On a brisk sunny January morning, David, Sally, Isaac and Janice board a small pilot boat that will take them to the Miracle Ship. From this little boat that bobs joyfully beneath the cliff where the Nickerson family cemetery stands, David scatters Dorothy's ashes in the calm water. Secretly in the palm of his hand is the Singer, and as the ashes spill from the urn, David lets the crystal slip into the sea with his aunt's remains.

She was the one who found it and gave it to me,
David muses.
Maybe it will bring her happiness in a whole new life. If she wants me to have it again, it will find its way back to me. She'll see to that…

“It's called a Singer,” Dorothy had said those many months ago, signing the word
Singer
, referring to the boat-shaped gem she had discovered on one of her archaeological digs abroad.

“Why do they call it that?”

“Each crystal in the cluster contains its own unique vibration,” she told him, “but joined together like this they create a symphony of sounds that literally sing the answers to all the mysteries in the universe. Or so the legend goes.”

“I bet it's thousands, maybe millions of years old,” David figured.

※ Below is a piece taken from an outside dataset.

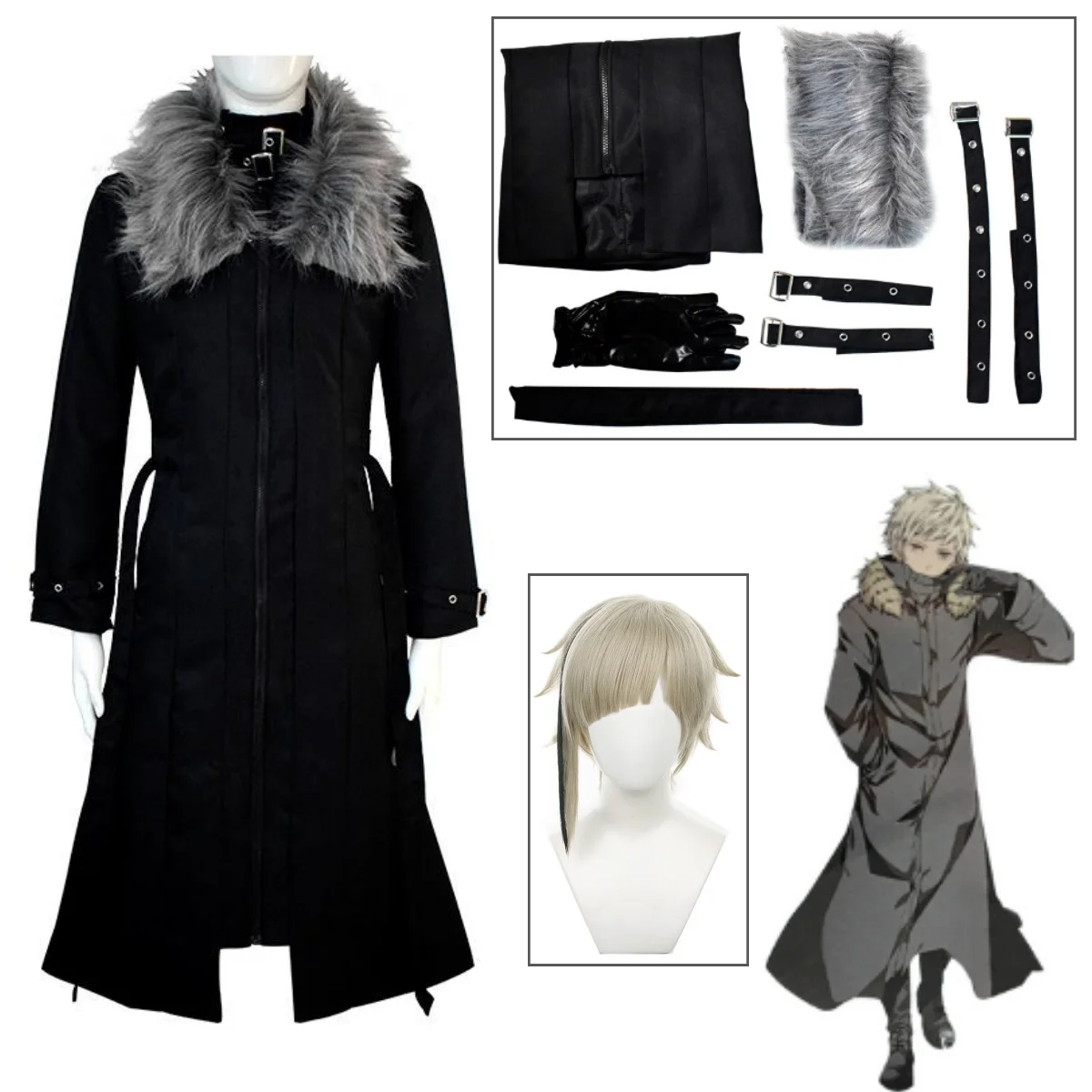 

Bungo Stray Dogs: Beast Nakajima Atsushi Cosplay Costume IF The World Anime Clothing Parallel World Lines Nakajima Atsushi Coat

The crystal sparkled pure and translucent one minute, a rainbow mosaic the next, a jigsaw arrangement of atoms, a harmonic conversion of energy and matter. Yet, it looked amazingly like a primitive sculpture fashioned by someone in love with the sea.

“It's incredible. Look at it, Aunt Dorothy. Its microstructure is so complex. But what really amazes me is its shape. It looks like a miniature ship. Here's the mast where the sail would go, and here's the bow, the stern and the rudder.”

Dorothy added more impetus to the Singer's mystique. The crystal was destined to have but one owner, or so the legend went. “If its owner believes in it, and works with its energy, he will develop extraordinary powers of communication, clairvoyance and prophecy…”

As important as his ownership of the Singer has been, affording him amazing gifts through what he had considered his “disability,” he realizes now that it was also his vehicle to self-discovery. For some it is found in prayer or meditation. But for David, his silent world has been made audible and meaningful through the power of this precious crystal. His mission is now complete. His mother is at peace, his father is happy and successful, his sister has been healed of her infirmity, and Port Avalon is safe and secure.